Task directions » Only the lines from the start of the data to the line containing "That's not a", both included, should be output, exactly and without pictures.

*** Records for this task ***

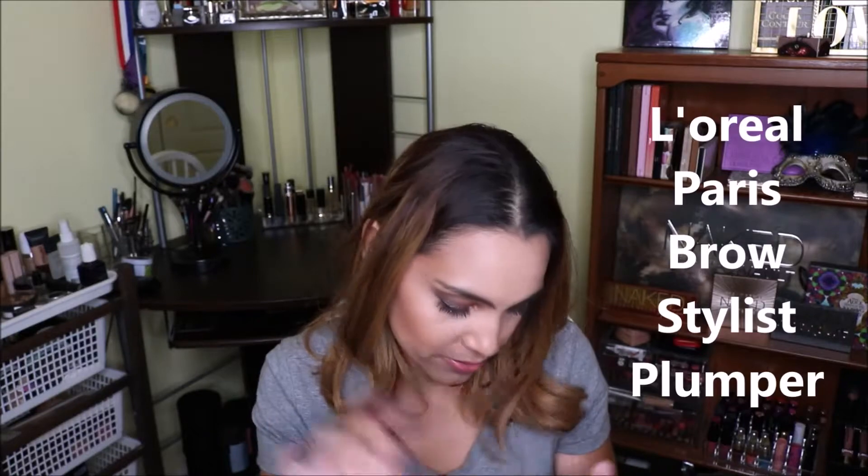The last face product is one I've had so long and just can't seem to finish — it's the L'Oreal brow styler. Everything is just erased off the packaging so I can't read it, but I just need to finish it. It's a L'Oreal brow styler.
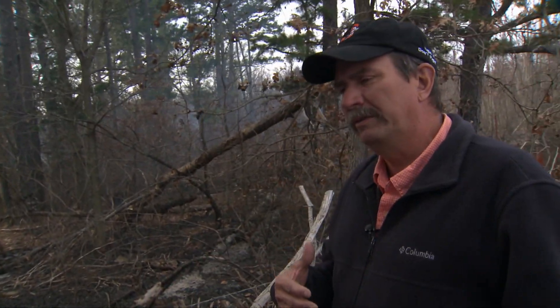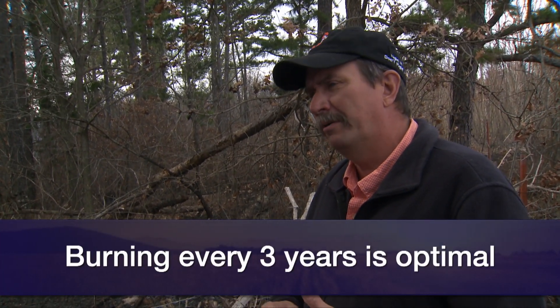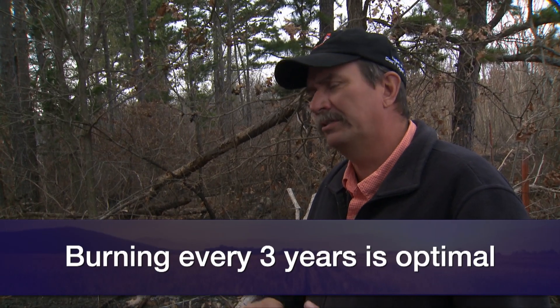How often should producers think about burning their land? It's going to depend on their objectives. From work we've done in southeast Oklahoma, we've got data showing we can burn annually, but about every three years is a really good optimal timeframe. Looking at historic accounts, two to four years was a pretty good fire return interval in that part of the world.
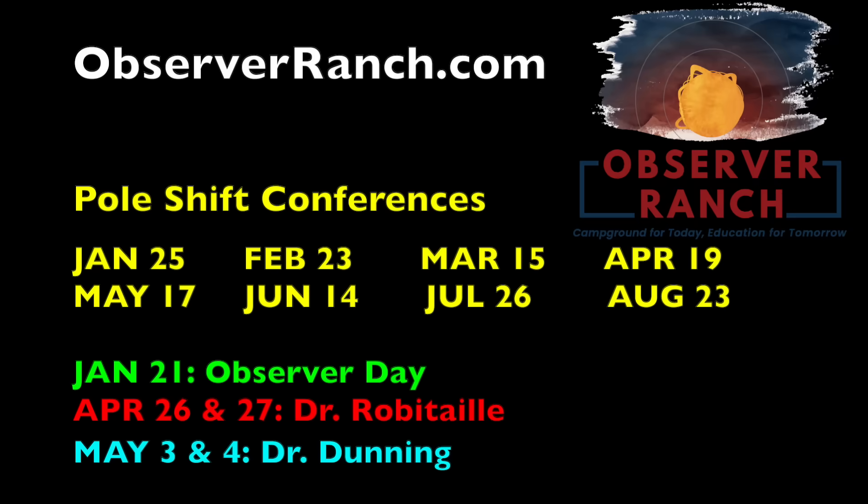And folks, here is the meat of the summer schedule for Observer Ranch. Yellow is the mini-conference dates — Observer Meetup Day on January 21st. Dr. Pierre-Marie Robitaille is joining Grand Opening Weekend, a full two- to three-day event. And then Dr. Dunning, of course, is coming for the Kings of Catastrophism on May 3rd and 4th. Come out and see us this year at observerranch.com.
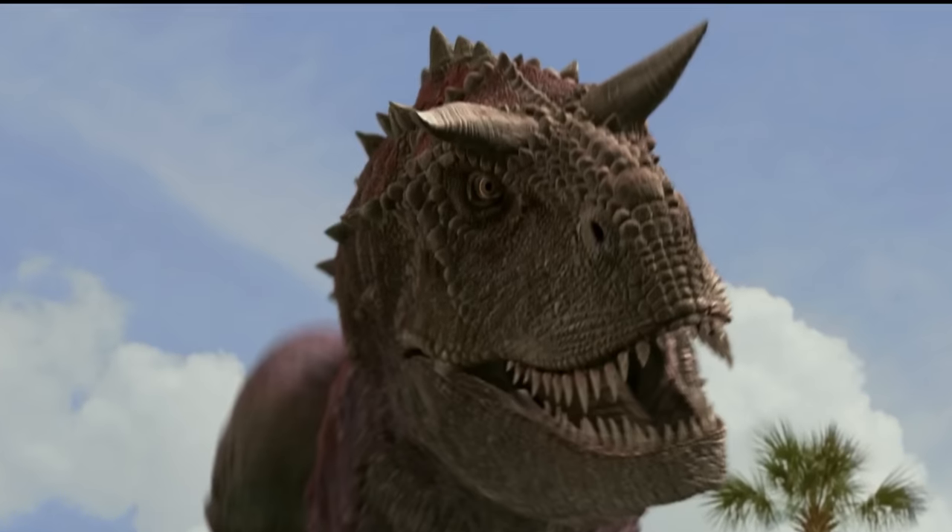That's not a T-Rex. That's a Carnotaurus. Sam knows — he's got a five-year-old boy. Carnotaurus is the cool one, by the way. Like, what else makes a T-Rex cooler? Two little horns.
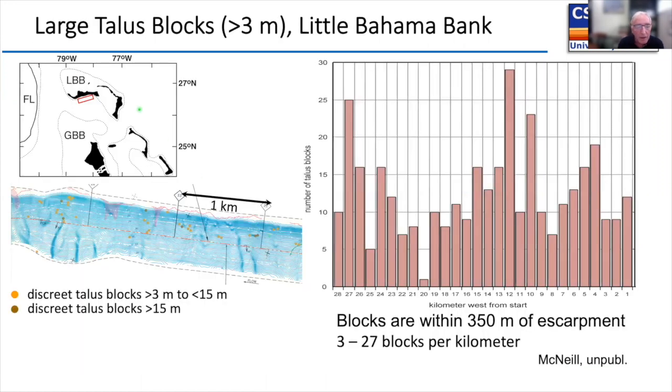Don McNeil looked at the distribution of talus blocks on Little Bahama Bank. He classified discrete blocks — those three to 15 meters and those over 15 meters — along 28 kilometers of the slope, finding between three and 25 blocks per kilometer, averaging close to 10 blocks per kilometer. So every 100 meters, a big block will come down — this is a common feature of gravity-driven sedimentation onto the upper slope from the steep escarpment.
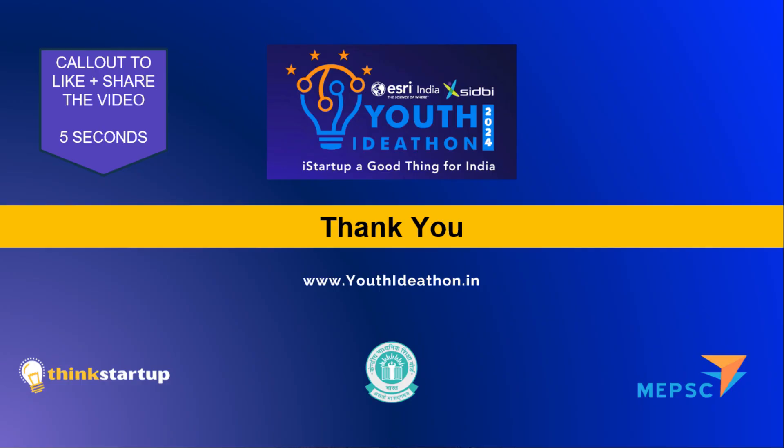Thank you for watching. Please like, comment, and subscribe. Thank you.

***

Solved exercise »
The last face product is one I've had so long and just can't seem to finish — it's the L'Oreal brow styler. Everything is just erased off the packaging so I can't read it, but I just need to finish it. It's a L'Oreal brow styler.
How often should producers think about burning their land? It's going to depend on their objectives. From work we've done in southeast Oklahoma, we've got data showing we can burn annually, but about every three years is a really good optimal timeframe. Looking at historic accounts, two to four years was a pretty good fire return interval in that part of the world.
And folks, here is the meat of the summer schedule for Observer Ranch. Yellow is the mini-conference dates — Observer Meetup Day on January 21st. Dr. Pierre-Marie Robitaille is joining Grand Opening Weekend, a full two- to three-day event. And then Dr. Dunning, of course, is coming for the Kings of Catastrophism on May 3rd and 4th. Come out and see us this year at observerranch.com.
That's not a T-Rex. That's a Carnotaurus. Sam knows — he's got a five-year-old boy. Carnotaurus is the cool one, by the way. Like, what else makes a T-Rex cooler? Two little horns.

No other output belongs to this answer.